The problem = Could you print the stretch of lines below from the one with "Colombia Men Padded" through the one with "PA license plate KLM6367", exactly as they stand and without any pictures?

Data supplied =
■ ■ ■ ■
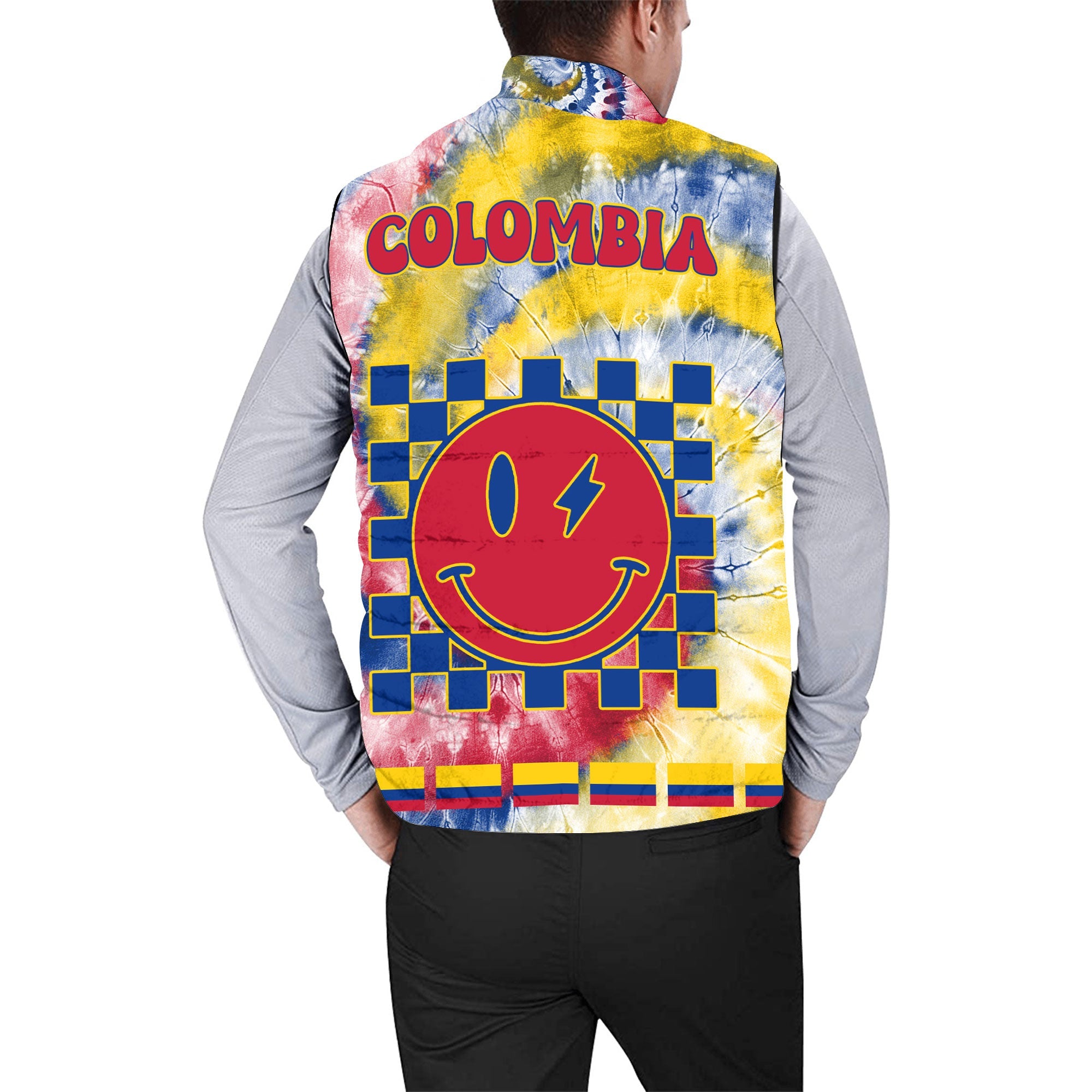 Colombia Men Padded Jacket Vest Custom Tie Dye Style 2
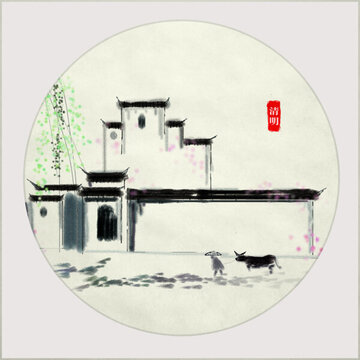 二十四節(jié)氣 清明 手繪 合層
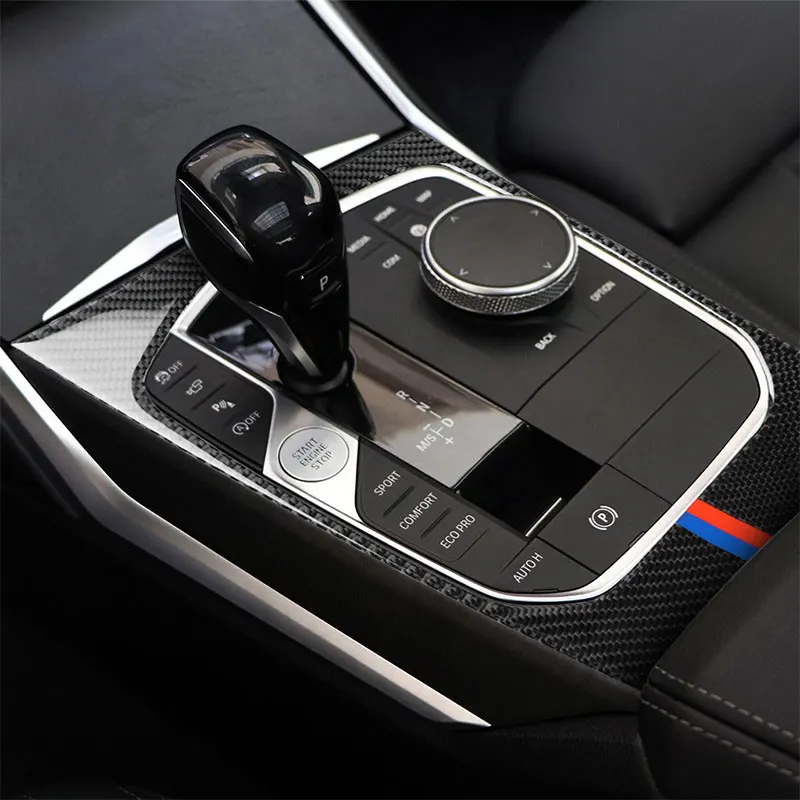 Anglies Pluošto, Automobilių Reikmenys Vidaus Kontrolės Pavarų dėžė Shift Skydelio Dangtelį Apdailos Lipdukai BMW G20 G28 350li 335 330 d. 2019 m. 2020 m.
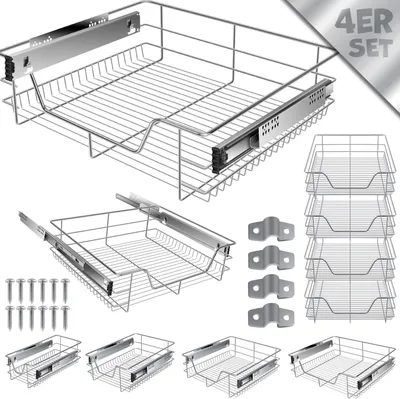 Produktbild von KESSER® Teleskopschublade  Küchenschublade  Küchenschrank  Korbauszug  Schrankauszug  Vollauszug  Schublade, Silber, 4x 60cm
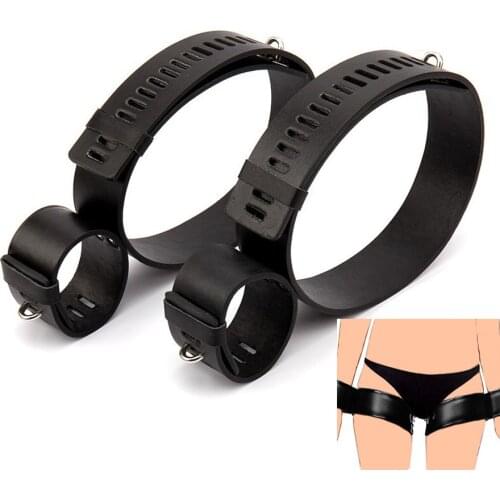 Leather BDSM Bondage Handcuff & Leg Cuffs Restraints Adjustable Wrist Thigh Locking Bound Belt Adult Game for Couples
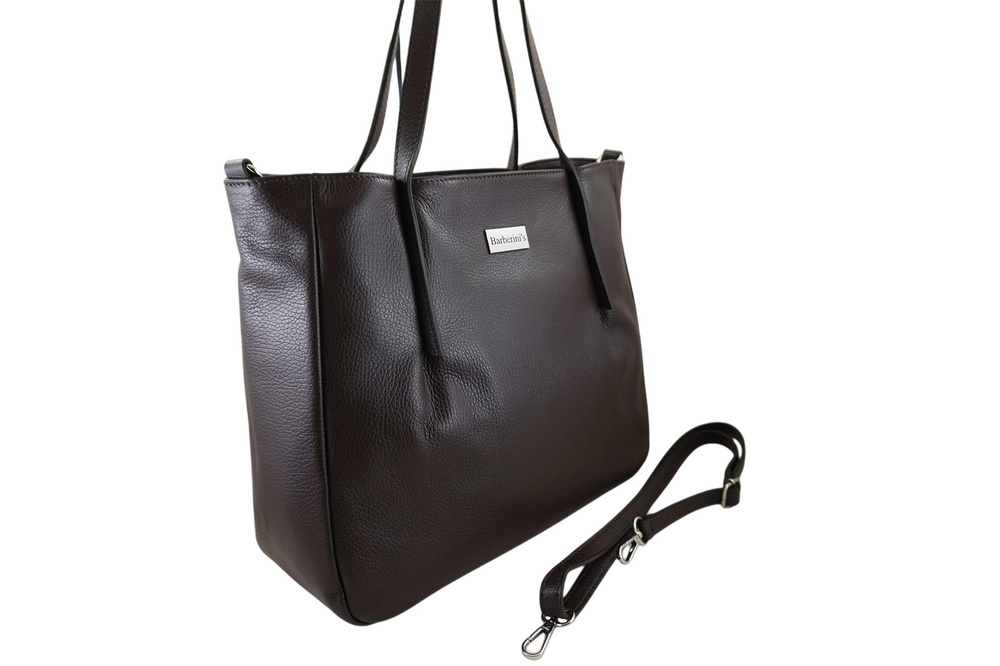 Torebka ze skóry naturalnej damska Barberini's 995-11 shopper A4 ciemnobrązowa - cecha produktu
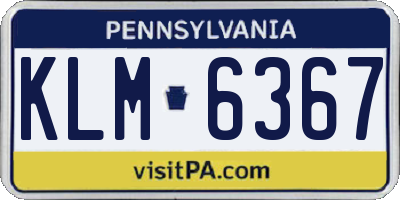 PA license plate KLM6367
■ ■ ■ ■
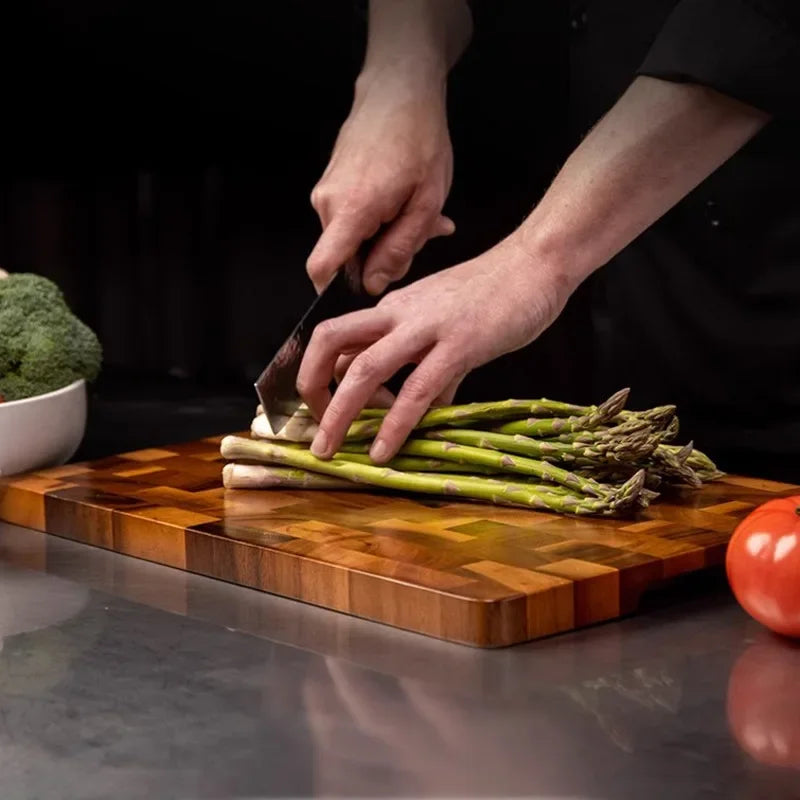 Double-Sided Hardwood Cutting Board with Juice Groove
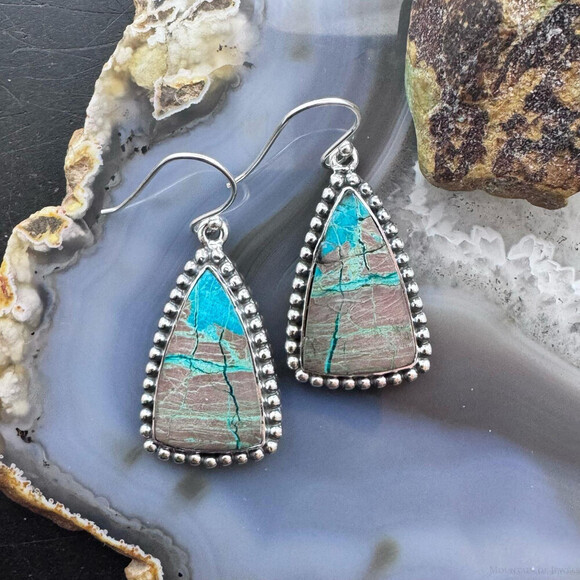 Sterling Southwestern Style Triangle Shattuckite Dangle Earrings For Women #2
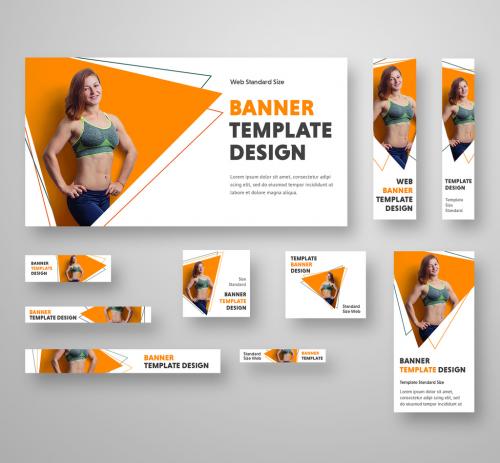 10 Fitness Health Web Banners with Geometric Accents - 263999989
■ ■ ■ ■
Result =
 Colombia Men Padded Jacket Vest Custom Tie Dye Style 2
 二十四節(jié)氣 清明 手繪 合層
 Anglies Pluošto, Automobilių Reikmenys Vidaus Kontrolės Pavarų dėžė Shift Skydelio Dangtelį Apdailos Lipdukai BMW G20 G28 350li 335 330 d. 2019 m. 2020 m.
 Produktbild von KESSER® Teleskopschublade  Küchenschublade  Küchenschrank  Korbauszug  Schrankauszug  Vollauszug  Schublade, Silber, 4x 60cm
 Leather BDSM Bondage Handcuff & Leg Cuffs Restraints Adjustable Wrist Thigh Locking Bound Belt Adult Game for Couples
 Torebka ze skóry naturalnej damska Barberini's 995-11 shopper A4 ciemnobrązowa - cecha produktu
 PA license plate KLM6367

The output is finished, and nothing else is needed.